Given entries:
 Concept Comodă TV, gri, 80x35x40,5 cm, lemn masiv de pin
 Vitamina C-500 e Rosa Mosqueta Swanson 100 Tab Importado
---
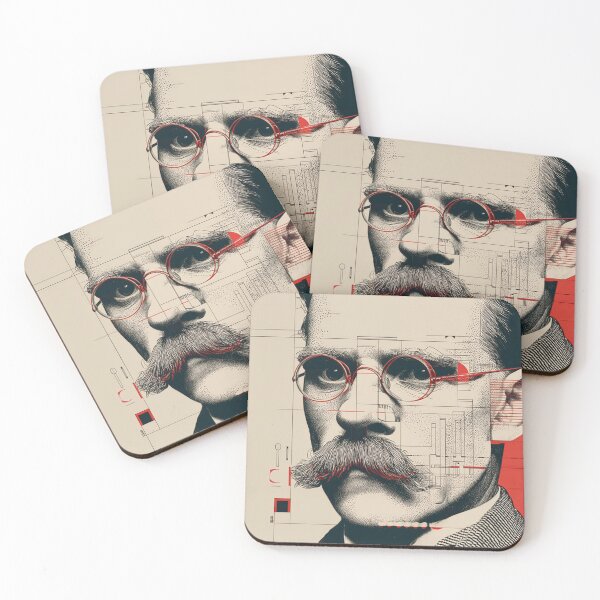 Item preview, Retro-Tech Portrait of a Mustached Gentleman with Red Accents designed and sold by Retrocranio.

Task goal: Please write out, exactly as they appear above, only the lines in the stretch from the line with "Concept Comodă TV, gri, 80x35x40,5" through the line with "Vitamina C-500 e".

Result of the task:
 Concept Comodă TV, gri, 80x35x40,5 cm, lemn masiv de pin
 Vitamina C-500 e Rosa Mosqueta Swanson 100 Tab Importado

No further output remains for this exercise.